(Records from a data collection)
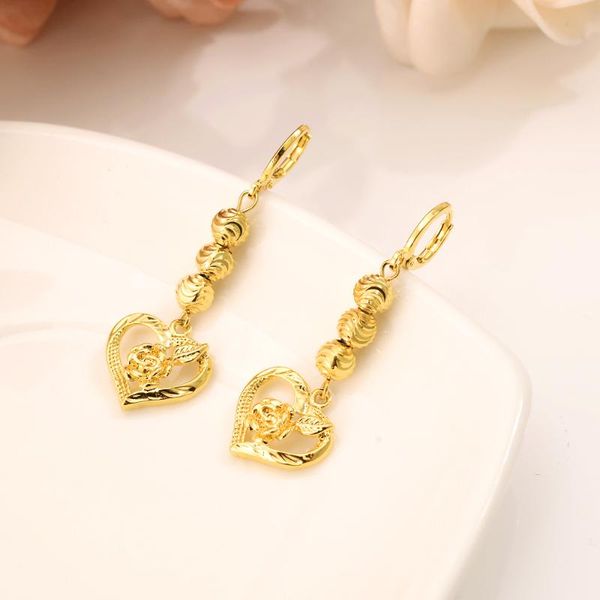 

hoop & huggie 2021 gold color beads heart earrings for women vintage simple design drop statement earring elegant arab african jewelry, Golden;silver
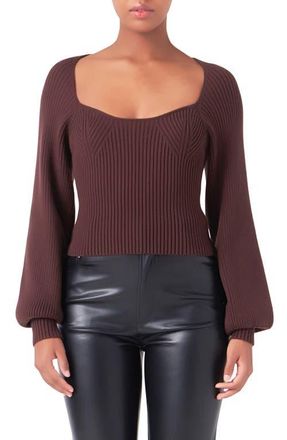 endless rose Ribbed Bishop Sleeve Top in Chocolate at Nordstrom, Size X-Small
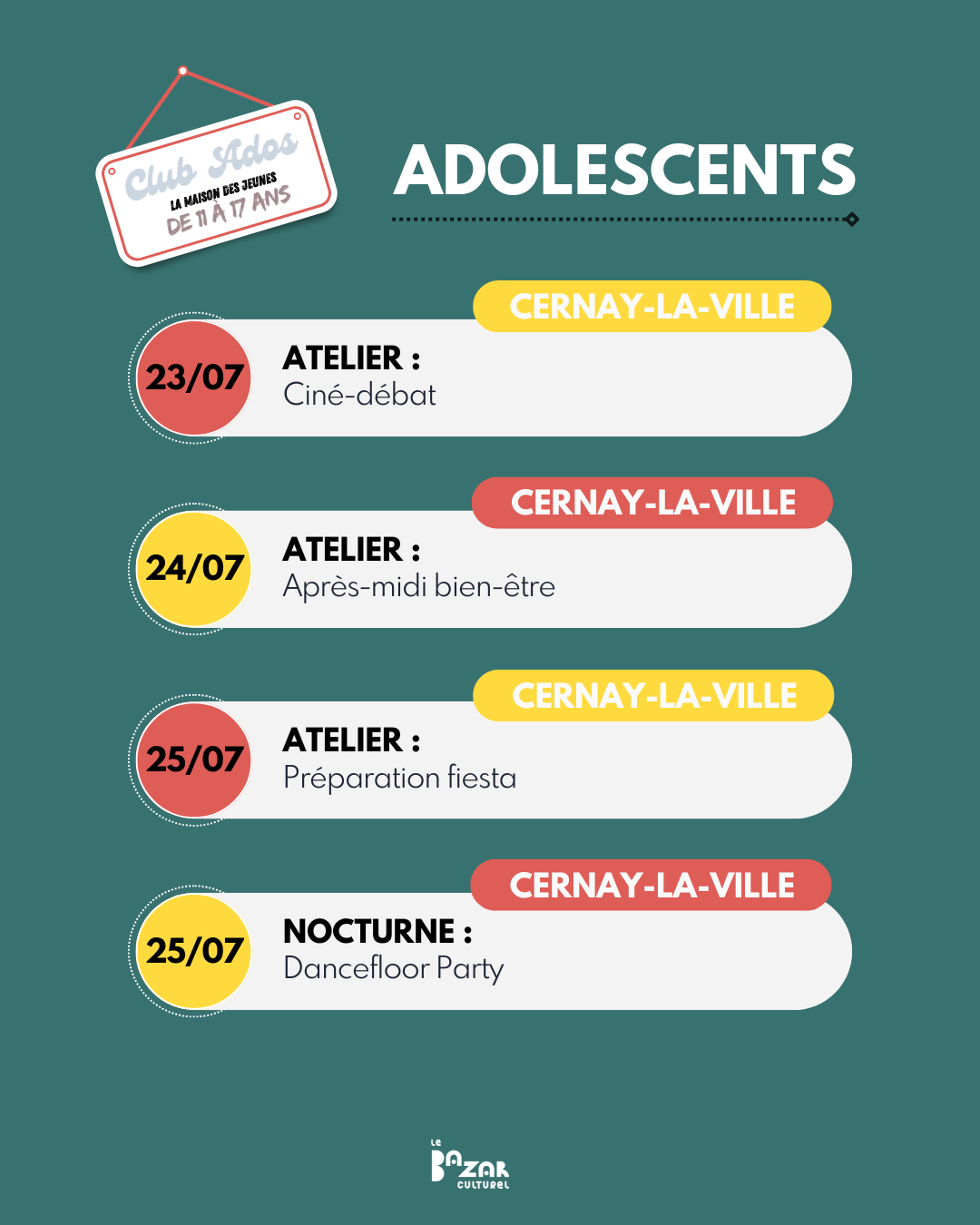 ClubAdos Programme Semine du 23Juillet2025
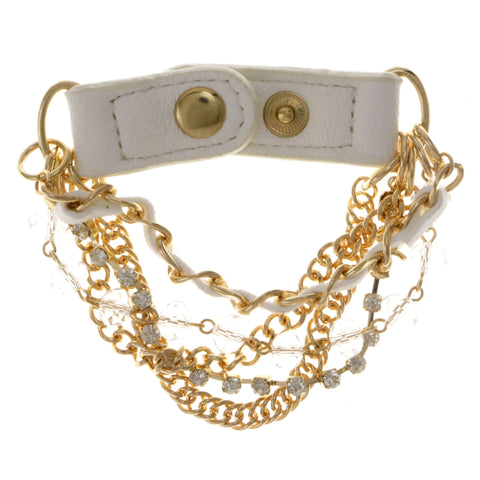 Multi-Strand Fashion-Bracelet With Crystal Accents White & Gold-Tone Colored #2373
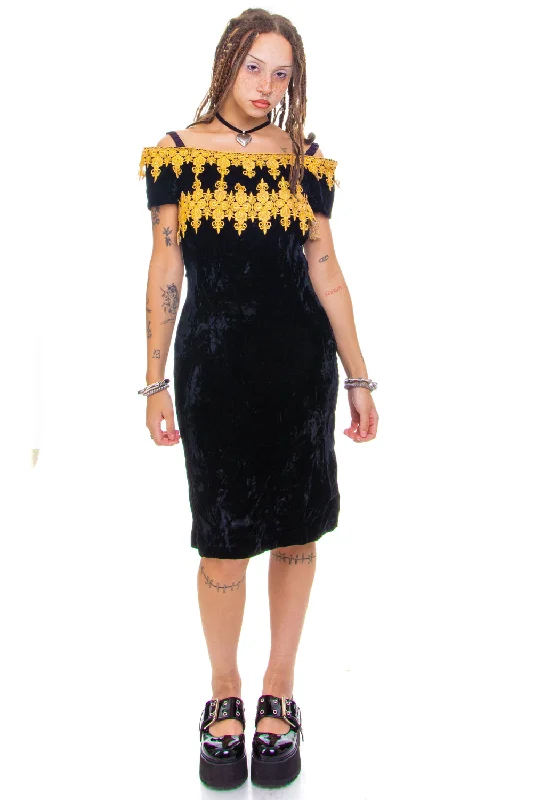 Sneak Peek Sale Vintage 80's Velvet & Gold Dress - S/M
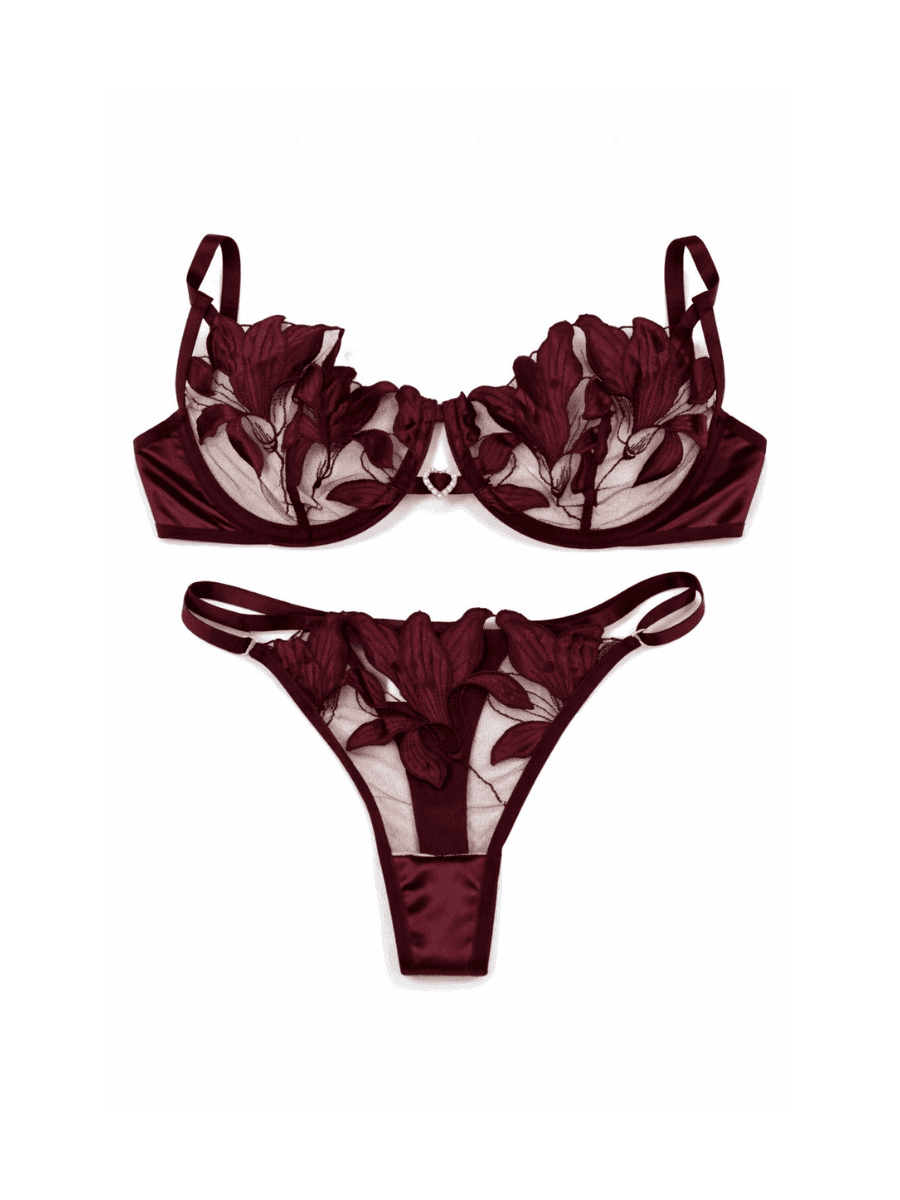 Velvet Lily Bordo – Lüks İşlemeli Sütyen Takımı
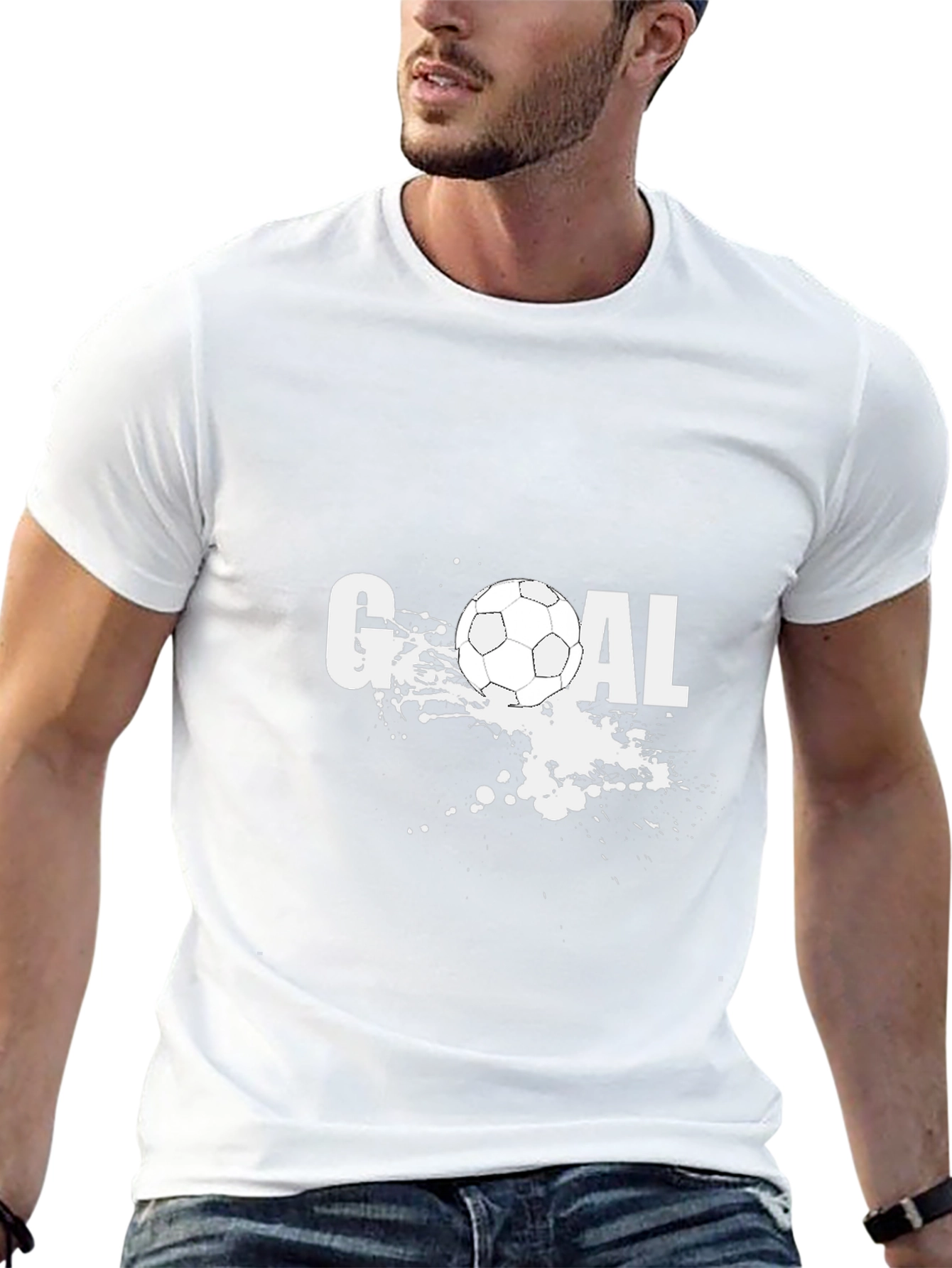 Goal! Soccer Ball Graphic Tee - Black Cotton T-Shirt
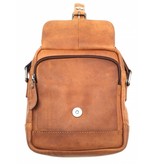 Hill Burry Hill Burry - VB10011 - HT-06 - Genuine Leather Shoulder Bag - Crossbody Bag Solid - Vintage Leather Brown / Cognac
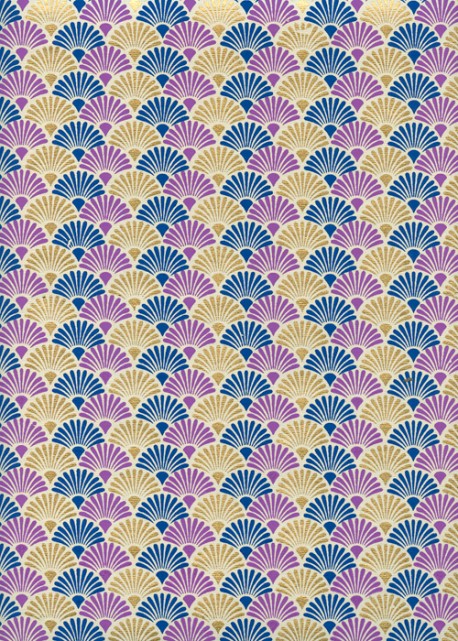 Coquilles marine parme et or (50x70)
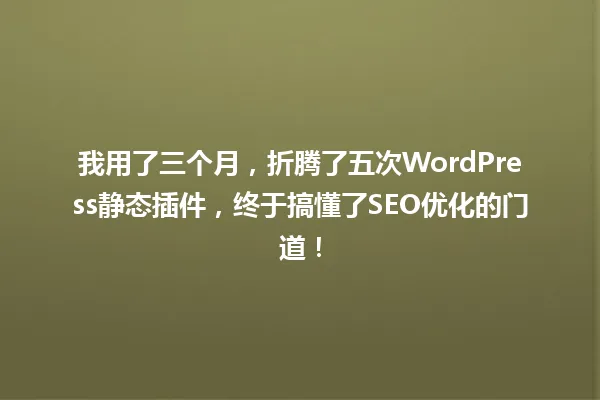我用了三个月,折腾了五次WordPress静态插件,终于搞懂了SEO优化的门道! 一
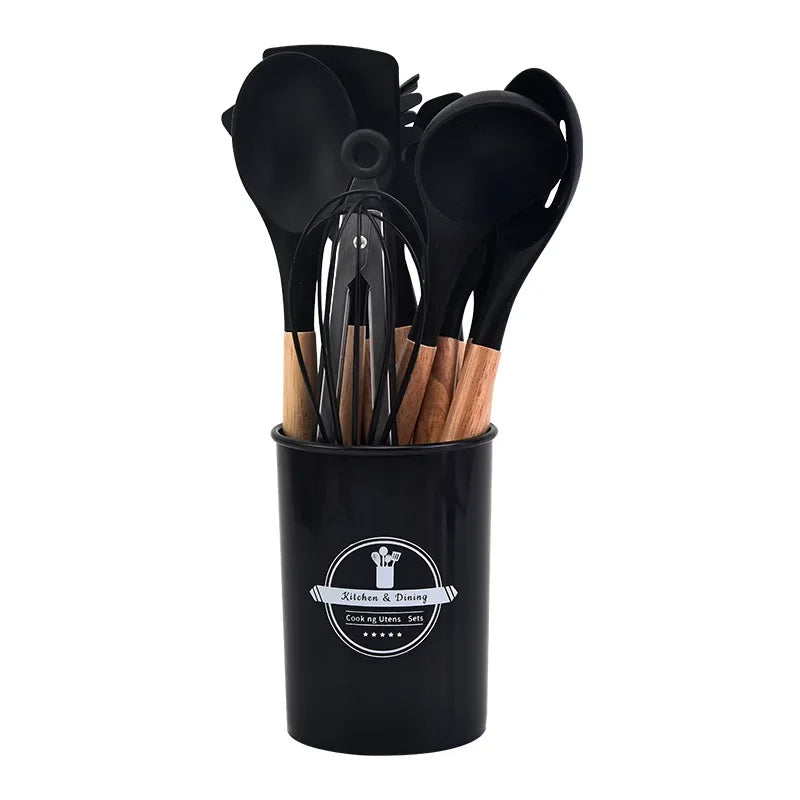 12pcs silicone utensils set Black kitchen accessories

[Exercise directions]: Leaving out the pictures, print exactly and only the lines from the one containing "Hill Burry Hill" through the last line of the records.

[Answer to this task]:
 Hill Burry Hill Burry - VB10011 - HT-06 - Genuine Leather Shoulder Bag - Crossbody Bag Solid - Vintage Leather Brown / Cognac
 Coquilles marine parme et or (50x70)
我用了三个月,折腾了五次WordPress静态插件,终于搞懂了SEO优化的门道! 一
 12pcs silicone utensils set Black kitchen accessories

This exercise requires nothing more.